The book criticizes the so-called Merchants of Doubt, some predominantly American science key players, above all Bill Nierenberg, Fred Seitz, and Fred Singer. All three are physicists: Singer was a space and satellite researcher, whereas Nierenberg and Seitz worked on the atomic bomb. They have been active on topics like acid rain, tobacco smoking, global warming and pesticides. The book says that these scientists have challenged and diluted the scientific consensus in the various fields, as of the dangers of smoking, the effects of acid rain, the existence of the "ozone hole", and the existence of anthropogenic climate change. Seitz and Singer have been involved with institutions such as The Heritage Foundation, Competitive Enterprise Institute and George C. Marshall Institute in the United States. Funded by corporations and conservative foundations, these organizations have opposed many forms of state intervention or regulation of U.S. citizens. The book lists similar tactics in each case: "discredit the science, disseminate false information, spread confusion, and promote doubt".

The book states that Seitz, Singer, Nierenberg and Robert Jastrow were all fiercely anti-communist and they viewed government regulation as a step towards socialism and communism. The authors argue that, with the collapse of the Soviet Union, they looked for another great threat to free market capitalism and found it in environmentalism. They feared that an over-reaction to environmental problems would lead to heavy-handed government intervention in the marketplace and intrusion into people's lives. Oreskes and Conway state that the longer the delay the worse these problems get, and the more likely it is that governments will need to take the draconian measures that conservatives and market fundamentalists most fear. They say that Seitz, Singer, Nierenberg and Jastrow denied the scientific evidence, contributed to a strategy of delay, and thereby helped to bring about the situation they most dreaded. The authors have a strong doubt about the ability of the media to differentiate between false truth and the actual science in question; however, they stop short of endorsing censorship in the name of science. The journalistic norm of balanced reporting has helped, according to the authors, to amplify the misleading messages of the contrarians. Oreskes and Conway state: "small numbers of people can have large, negative impacts, especially if they are organised, determined and have access to power".

The main conclusion of the book is that there would have been more progress in policy making if not for the influence of the contrarian "experts", who tried for ideological reasons to undermine trust in the science base for regulation. Similar conclusions were already drawn, among others on Frederick Seitz and William Nierenberg in the book Requiem for a Species: Why We Resist the Truth about Climate Change (2010) by Australian academic Clive Hamilton.

Reception
Most reviewers received Merchants of Doubt enthusiastically.

Philip Kitcher in Science says that Naomi Oreskes and Erik Conway are "two outstanding historians". He calls Merchants of Doubt a "fascinating and important study". Kitcher says that the apparently harsh claims against Nierenberg, Seitz, and Singer are "justified through a powerful dissection of the ways in which prominent climate scientists, such as Roger Revelle and Ben Santer, were exploited or viciously attacked in the press".

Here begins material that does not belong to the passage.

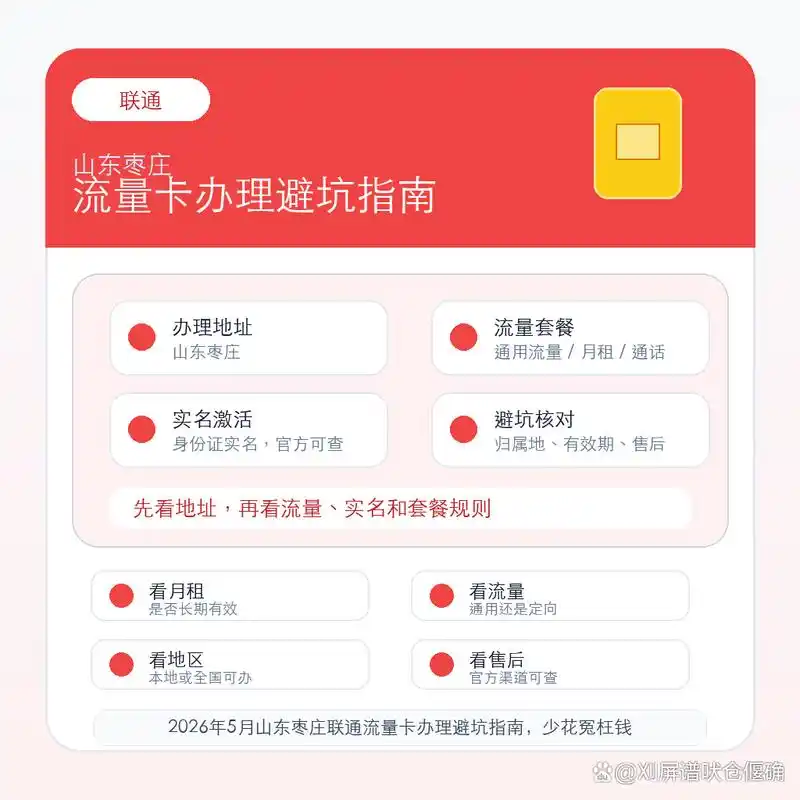 如何查询2026年5月海南三亚电信流量卡办理避坑指南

In The Christian Science Monitor, Will Buchanan says that Merchants of Doubt is exhaustively researched and documented, and may be one of the most important books of 2010. Oreskes and Conway are seen to demonstrate that the doubt merchants are not "objective scientists" as the term is popularly understood. Instead, they are "science-speaking mercenaries" hired by corporations to process numbers to prove that the corporations' products are safe and useful. Buchanan says they are salesmen, not scientists.

Bud Ward published a review of the book in The Yale Forum on Climate and the Media. He wrote that Oreskes and Conway use a combination of thorough scholarly research combined with writing reminiscent of the best investigative journalism, to "unravel deep common links to past environmental and public health controversies". In terms of climate science, the authors' leave "little doubt about their disdain for what they regard as the misuse and abuse of science by a small cabal of scientists they see as largely lacking in requisite climate science expertise".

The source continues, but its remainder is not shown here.